### [Work instruction]
Copy exactly the lines of the material below that fall between the line with "ローマンカモミール種子1000個、非遺伝子組み換え、伝統品種、庭用の低" and the line with "How accurate are DNA tests?", both of those lines included; pictures stay out.
──────── Records to process ────────
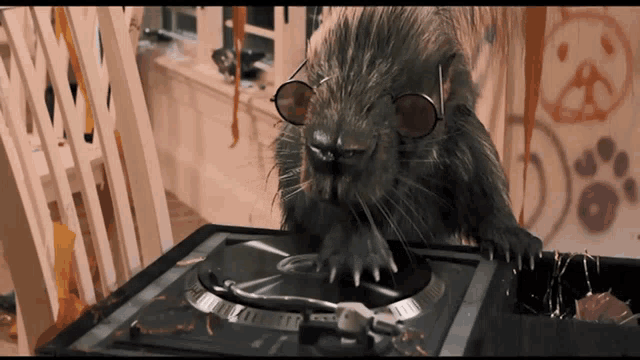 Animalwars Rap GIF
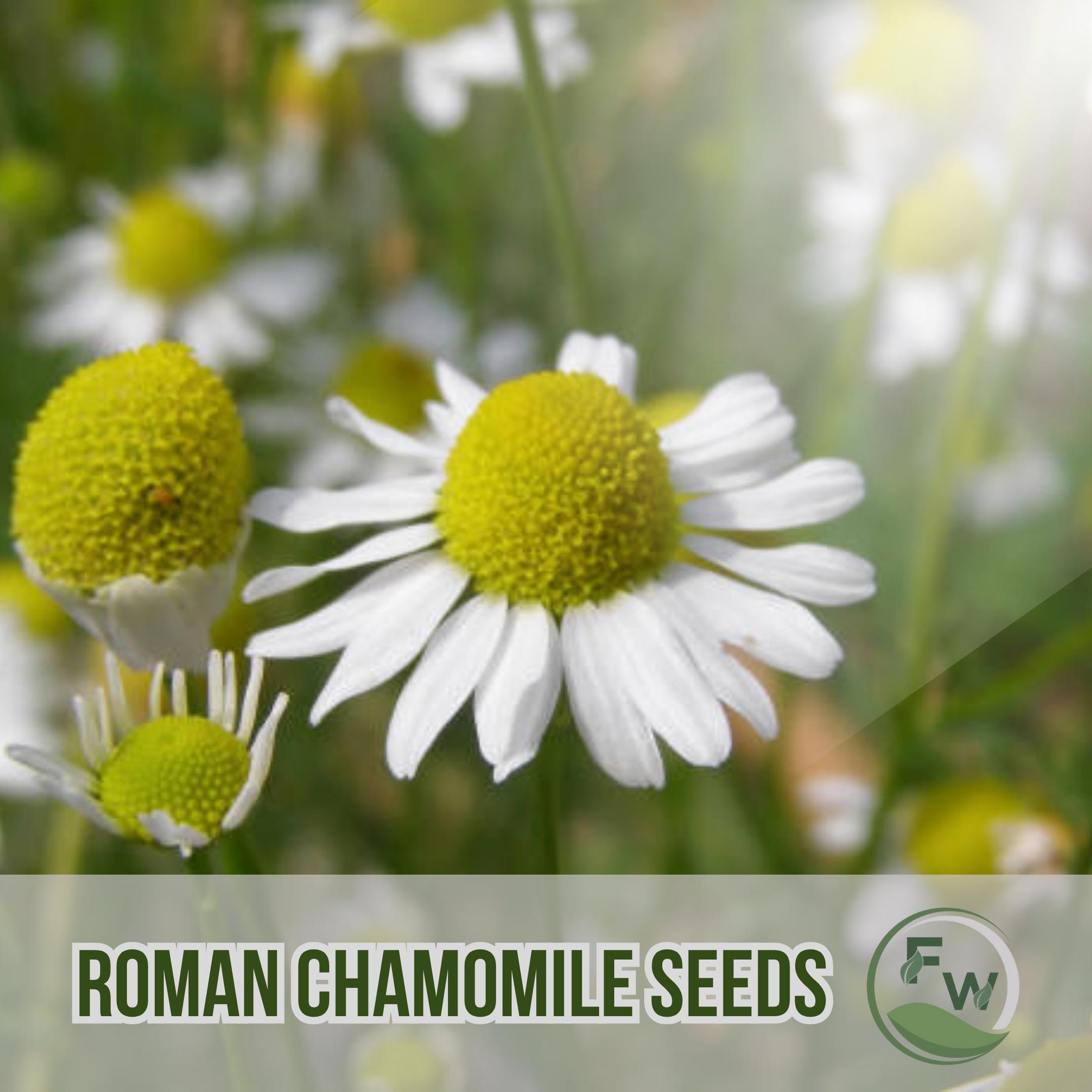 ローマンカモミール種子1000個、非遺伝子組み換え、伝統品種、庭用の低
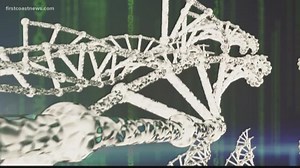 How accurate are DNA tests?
────────
──────── Records to process ────────
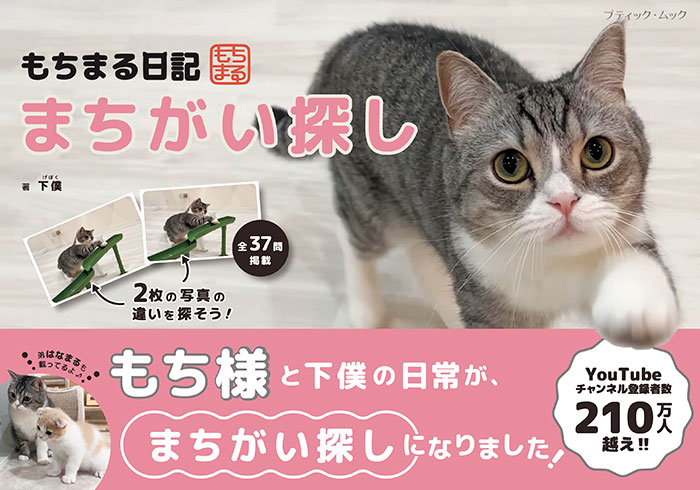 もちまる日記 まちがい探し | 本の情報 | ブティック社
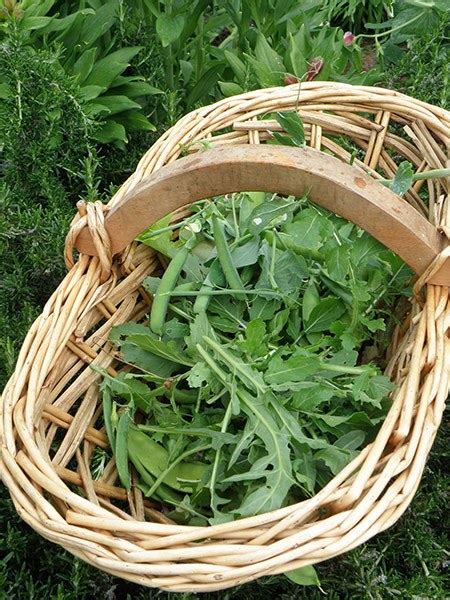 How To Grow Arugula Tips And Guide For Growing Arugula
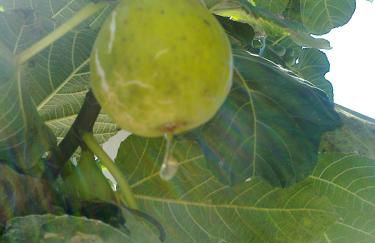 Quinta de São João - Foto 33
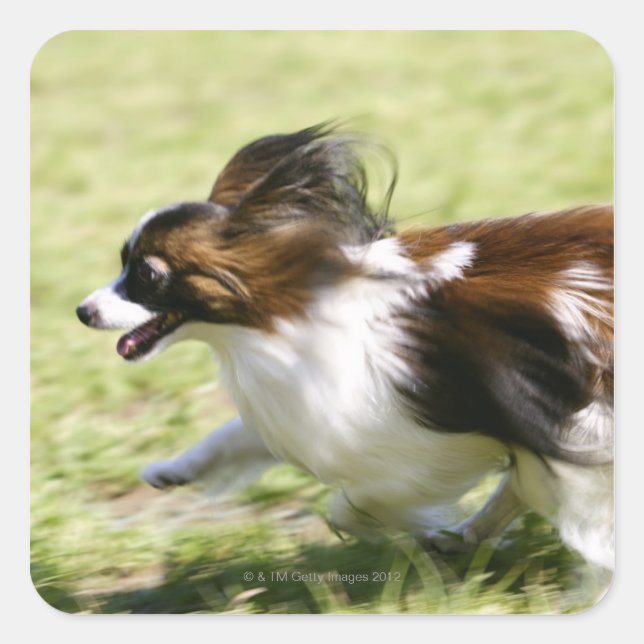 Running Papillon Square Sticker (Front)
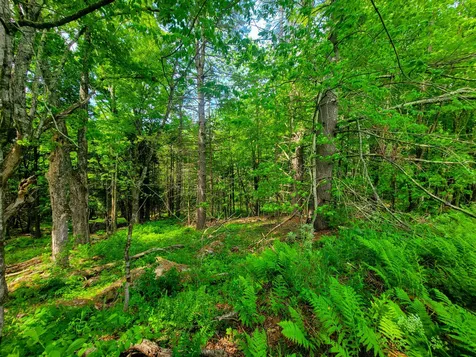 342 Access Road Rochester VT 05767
────────
### [Final answer]
 ローマンカモミール種子1000個、非遺伝子組み換え、伝統品種、庭用の低
 How accurate are DNA tests?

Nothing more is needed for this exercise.